Andere Staatsanwaltschaften in Niedersachsen sind bei Vorliegen der Sonderzuständigkeit der Staatsanwaltschaft Hannover grundsätzlich verpflichtet, das Verfahren umgehend an die Zentralstelle weiterzuleiten. Eine Ausnahme besteht verständlicherweise bei unaufschiebbaren Ermittlungsmaßnahmen (etwa Beschlag-nahme).

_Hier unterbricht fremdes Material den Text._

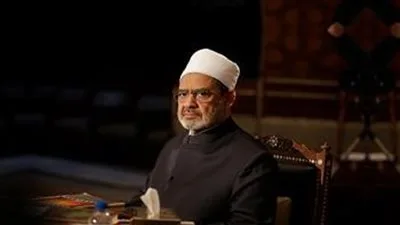 شيخ الأزهر يهنئ بابا الفاتيكان الجديد: نتطلع لاستكمال العمل مع قداسته لترسيخ الحوار بين الأديان
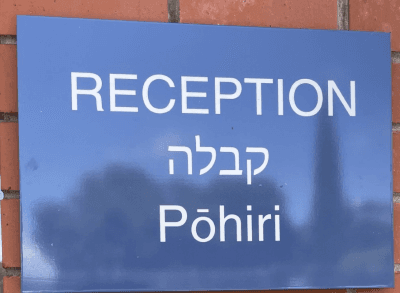 A trilingual sign at Kadimah College, Auckland's Jewish school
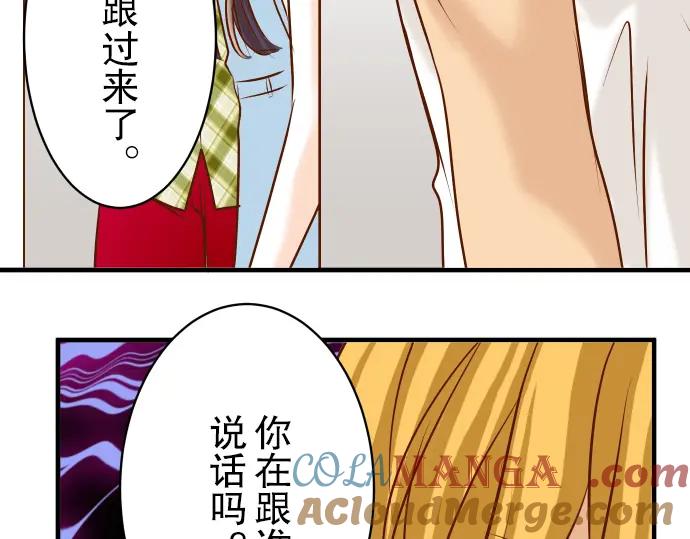 复仇要冷冷端上 - 第54话 BlueMoon - 第89张图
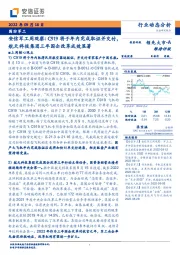 安信军工周观察：C919将于年内完成取证并交付，航天科技集团三年国企改革成效显著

Besonderheiten gelten hinsichtlich der Anklagevertretung. In diesem Zusammenhang ist nicht fest vorgeschrieben worden, ob die Zentralstaatsanwaltschaft Hannover (bei einschlägigen Verfahren) oder die normalerweise zuständige Staatsanwaltschaft die Anklage zu vertreten hat. Als ‚Faustformel’ lässt sich festhalten, dass dem Grund nach und insbesondere in ‚überschaubaren‘ Verfahren die örtlich zuständige Staatsanwaltschaft die Anklagevertretung übernimmt. Handelt es sich beim jeweiligen Strafverfahren aber um ein umfangreiches und ggf. überregionales Verfahren soll die Zentralstaatsanwaltschaft Hannover mit der örtlich zuständigen Staatsanwaltschaft eine ‚Einigung erzielen‘.
Im Konfliktfall kann sogar die Generalstaatsanwaltschaft in Celle darüber entscheiden.